INSTRUCTIONS TO FOLLOW: Count lines holding the string "looking" in the data that follows. Reply with one number only.

Crawled caption data:
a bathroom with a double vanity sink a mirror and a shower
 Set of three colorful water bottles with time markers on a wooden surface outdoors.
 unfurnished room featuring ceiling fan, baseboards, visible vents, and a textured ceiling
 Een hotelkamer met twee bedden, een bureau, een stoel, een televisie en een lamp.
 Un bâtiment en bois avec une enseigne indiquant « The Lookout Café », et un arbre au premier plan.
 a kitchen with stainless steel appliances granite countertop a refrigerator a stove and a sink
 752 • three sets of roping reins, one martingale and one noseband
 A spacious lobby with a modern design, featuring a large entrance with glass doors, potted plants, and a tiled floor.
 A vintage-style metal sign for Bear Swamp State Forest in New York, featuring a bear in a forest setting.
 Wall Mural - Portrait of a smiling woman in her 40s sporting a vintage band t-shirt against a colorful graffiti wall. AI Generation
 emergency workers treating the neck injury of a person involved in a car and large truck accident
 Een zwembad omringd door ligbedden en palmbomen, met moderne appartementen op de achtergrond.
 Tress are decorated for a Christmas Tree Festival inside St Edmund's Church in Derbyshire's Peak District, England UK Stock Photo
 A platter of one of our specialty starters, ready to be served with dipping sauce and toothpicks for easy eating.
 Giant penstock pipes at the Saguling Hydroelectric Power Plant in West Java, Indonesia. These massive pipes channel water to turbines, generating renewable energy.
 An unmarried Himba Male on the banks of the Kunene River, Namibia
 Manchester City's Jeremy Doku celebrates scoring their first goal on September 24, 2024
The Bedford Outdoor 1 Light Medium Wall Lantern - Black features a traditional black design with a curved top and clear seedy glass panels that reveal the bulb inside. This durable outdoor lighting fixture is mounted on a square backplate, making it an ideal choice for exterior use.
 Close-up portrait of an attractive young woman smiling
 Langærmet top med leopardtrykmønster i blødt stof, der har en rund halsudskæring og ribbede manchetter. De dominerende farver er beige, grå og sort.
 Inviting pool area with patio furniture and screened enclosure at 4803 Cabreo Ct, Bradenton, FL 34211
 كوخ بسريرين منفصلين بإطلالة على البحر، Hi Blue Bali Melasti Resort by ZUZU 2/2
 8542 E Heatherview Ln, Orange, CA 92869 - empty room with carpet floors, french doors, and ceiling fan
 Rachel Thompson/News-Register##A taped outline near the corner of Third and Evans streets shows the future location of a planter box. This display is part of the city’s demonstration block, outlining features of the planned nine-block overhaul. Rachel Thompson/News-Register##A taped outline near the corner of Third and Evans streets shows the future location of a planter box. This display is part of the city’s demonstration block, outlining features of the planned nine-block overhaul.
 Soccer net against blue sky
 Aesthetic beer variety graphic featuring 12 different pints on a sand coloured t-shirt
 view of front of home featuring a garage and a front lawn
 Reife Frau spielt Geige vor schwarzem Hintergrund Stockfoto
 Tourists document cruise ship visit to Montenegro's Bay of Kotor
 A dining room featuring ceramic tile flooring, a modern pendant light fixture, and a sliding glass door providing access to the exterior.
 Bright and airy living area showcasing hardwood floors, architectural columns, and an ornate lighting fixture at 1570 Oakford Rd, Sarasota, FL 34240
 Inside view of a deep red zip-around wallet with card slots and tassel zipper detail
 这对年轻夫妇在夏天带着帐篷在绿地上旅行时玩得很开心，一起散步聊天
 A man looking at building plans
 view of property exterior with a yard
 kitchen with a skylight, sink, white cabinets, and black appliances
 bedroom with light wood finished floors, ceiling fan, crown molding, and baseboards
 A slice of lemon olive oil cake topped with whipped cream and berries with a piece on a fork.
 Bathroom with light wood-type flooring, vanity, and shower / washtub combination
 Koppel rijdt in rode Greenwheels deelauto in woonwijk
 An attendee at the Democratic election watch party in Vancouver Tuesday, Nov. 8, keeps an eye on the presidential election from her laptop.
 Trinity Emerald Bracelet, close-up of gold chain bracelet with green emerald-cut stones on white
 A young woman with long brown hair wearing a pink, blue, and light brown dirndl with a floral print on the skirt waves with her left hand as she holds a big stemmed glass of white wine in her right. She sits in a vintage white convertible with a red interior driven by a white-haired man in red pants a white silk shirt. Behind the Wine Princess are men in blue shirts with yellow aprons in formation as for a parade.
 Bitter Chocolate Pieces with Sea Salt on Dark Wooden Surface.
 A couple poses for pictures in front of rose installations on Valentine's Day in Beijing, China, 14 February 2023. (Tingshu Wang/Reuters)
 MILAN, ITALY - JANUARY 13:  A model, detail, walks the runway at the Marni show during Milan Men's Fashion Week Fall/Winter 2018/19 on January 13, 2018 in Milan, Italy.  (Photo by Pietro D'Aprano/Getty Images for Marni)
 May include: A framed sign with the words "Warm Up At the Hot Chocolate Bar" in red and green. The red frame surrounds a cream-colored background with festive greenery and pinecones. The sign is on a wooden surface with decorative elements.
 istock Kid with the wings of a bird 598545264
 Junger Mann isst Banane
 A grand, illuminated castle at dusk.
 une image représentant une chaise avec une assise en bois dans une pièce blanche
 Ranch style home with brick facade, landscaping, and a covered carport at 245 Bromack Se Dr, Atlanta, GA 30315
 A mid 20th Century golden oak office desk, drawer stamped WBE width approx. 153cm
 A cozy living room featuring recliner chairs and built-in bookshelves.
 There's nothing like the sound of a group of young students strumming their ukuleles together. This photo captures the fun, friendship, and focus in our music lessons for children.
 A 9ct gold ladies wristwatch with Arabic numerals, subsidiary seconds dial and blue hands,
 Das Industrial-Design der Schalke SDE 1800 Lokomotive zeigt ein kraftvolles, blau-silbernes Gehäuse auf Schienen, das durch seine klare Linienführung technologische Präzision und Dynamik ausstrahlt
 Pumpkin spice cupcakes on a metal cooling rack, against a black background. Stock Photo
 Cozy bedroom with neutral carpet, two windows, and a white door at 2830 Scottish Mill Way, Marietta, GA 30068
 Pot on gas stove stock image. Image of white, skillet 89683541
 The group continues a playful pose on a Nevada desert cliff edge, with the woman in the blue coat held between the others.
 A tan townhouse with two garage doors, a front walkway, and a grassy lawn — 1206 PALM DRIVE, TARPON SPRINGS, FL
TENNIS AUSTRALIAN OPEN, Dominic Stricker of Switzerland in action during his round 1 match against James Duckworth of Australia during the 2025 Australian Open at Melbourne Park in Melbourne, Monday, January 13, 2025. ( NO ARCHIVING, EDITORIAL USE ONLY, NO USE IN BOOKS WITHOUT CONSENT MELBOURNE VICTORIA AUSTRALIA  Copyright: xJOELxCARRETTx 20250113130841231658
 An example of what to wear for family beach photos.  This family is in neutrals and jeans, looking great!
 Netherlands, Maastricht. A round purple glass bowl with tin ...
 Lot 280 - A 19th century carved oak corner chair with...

ANSWER BOX: 2